4th of July: A Two Day Affair
First off, in my family, it is all about the food. When it comes to our 4th of July parties and food, we mean serious business.
My dad and I, with my grandpa (as veteran supervisor, mischief-maker, and taste-tester extraordinaire) begin the slow smoking of the meat the day before, on the 3rd of July, at early hour of 9 in the morning. That can be difficult for someone who has been delighting in the late nights and alarm-less mornings of summer break, but I always seem to manage. The past couple of years, we have been using a Horizon Ranger Backyard Smoker, a 600 lb. beast of a smoker.
We keep it on a flat bed trailer for easy storage and moving around the property. Even with a large barrel and a smoking chimney, it takes most of the 3rd to finish smoking the meat. And there is a lot of it. This year, we smoked about 24 lbs. of beef brisket, 4 full racks of spare ribs, 30 bratwurst, 6 Lousiana hot links (extras from last month’s gumbo), and a dozen chicken breasts over the course of about ten hours.
While the meat was cooking, the rest of the prep work continued apace. Others were there to help and there were day shades and tents to erect and stake down, white plastic tables to wash and set-up, chairs to hose down and line up. Yet, for the better part of the day, we sat and relaxed and talked.
Secondly, my family has been all about the stories. We looked at old family photos from when days before my memory: when I was white blond and chubby, my dad and grandpa didn’t have grey hair, and only two of my many cousins had been born.
We rifled through a crumbling cardboard box that I fished out of a corner of the garage. Dozens of blood obsidian chunks, cut ad uncut geodes, fossilized clam shells, pumice stones, and other gems and minerals filled this box. As we looked through it, my dad and grandpa regaled us with stories of searching dried up river banks, fields in far away places, and forests for the collection that now sat before us.
For the hottest part of the afternoon, we sat inside with the lights off and the fans on, as we talked quietly about random topics that came up, or as we watched news of Hurricane Arthur descending on the East Coast. We all wished we could have slept through the heat of the day.
Today was all about tradition. Since we cooked the meat, everyone else brings side dishes: watermelon, potato salad, green salad, tomatoes, pecan pie, Jell-o, sodas, ice, and everything else a BBQ in Southern California needs. It is also tradition for the family to graze throughout the day as we come back for seconds, for a run-by snack, or as we stand and talk. Tradition also says that we invite practically everyone we know to come enjoy the festivities. Cousins from Kansas and from local areas, aunts, uncles, friends of the family, friends that have been around so long they are family, neighbors, friends without a place to celebrate, people from church, college friends; if we know you, you’re welcome to stop by and eat up.

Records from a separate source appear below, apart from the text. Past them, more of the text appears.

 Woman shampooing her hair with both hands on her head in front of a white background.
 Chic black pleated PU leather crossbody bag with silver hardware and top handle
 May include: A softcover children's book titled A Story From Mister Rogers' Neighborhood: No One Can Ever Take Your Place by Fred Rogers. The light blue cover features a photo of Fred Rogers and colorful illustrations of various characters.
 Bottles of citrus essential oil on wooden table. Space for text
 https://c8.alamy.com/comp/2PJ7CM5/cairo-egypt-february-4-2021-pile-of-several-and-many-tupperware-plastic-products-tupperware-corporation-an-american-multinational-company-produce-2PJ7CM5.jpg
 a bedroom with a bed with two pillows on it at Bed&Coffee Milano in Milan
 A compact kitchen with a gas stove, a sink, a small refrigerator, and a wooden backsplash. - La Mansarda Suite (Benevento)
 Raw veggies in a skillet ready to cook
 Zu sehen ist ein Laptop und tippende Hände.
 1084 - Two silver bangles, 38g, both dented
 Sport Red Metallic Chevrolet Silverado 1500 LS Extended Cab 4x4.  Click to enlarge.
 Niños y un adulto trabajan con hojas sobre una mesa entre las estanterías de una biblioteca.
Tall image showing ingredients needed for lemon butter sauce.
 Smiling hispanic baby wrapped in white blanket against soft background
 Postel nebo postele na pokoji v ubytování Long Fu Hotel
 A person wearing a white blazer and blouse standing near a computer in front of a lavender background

The last tradition began I don’t know when, but it has been happening for almost as long as I can remember. My grandma used to make us participate in an ad-hoc 4th of July Erikson parade down the street and around the corner and back, which always seemed to interrupt my play time as a child. Now she can sit back and relax as others have taken up the torch and continue the parade. To the fanfares of music and the banging of anything we can put our hands on (from pie tins to old water jugs), we make our strung out and unorganized way through the neighborhood; yet, it is something that the neighbors have come to look forward to, and anyone we invite is welcome to participate.
We very rarely do fireworks anymore. Now-a-days, it’s sparklers for the boys to enjoy and that’s it. Enough of the neighbors buy fireworks that we can enjoy theirs. In truth, though, now that most of us are older, the day is more about good food and the ties that bind us as a family, and much less about the sparkling lights.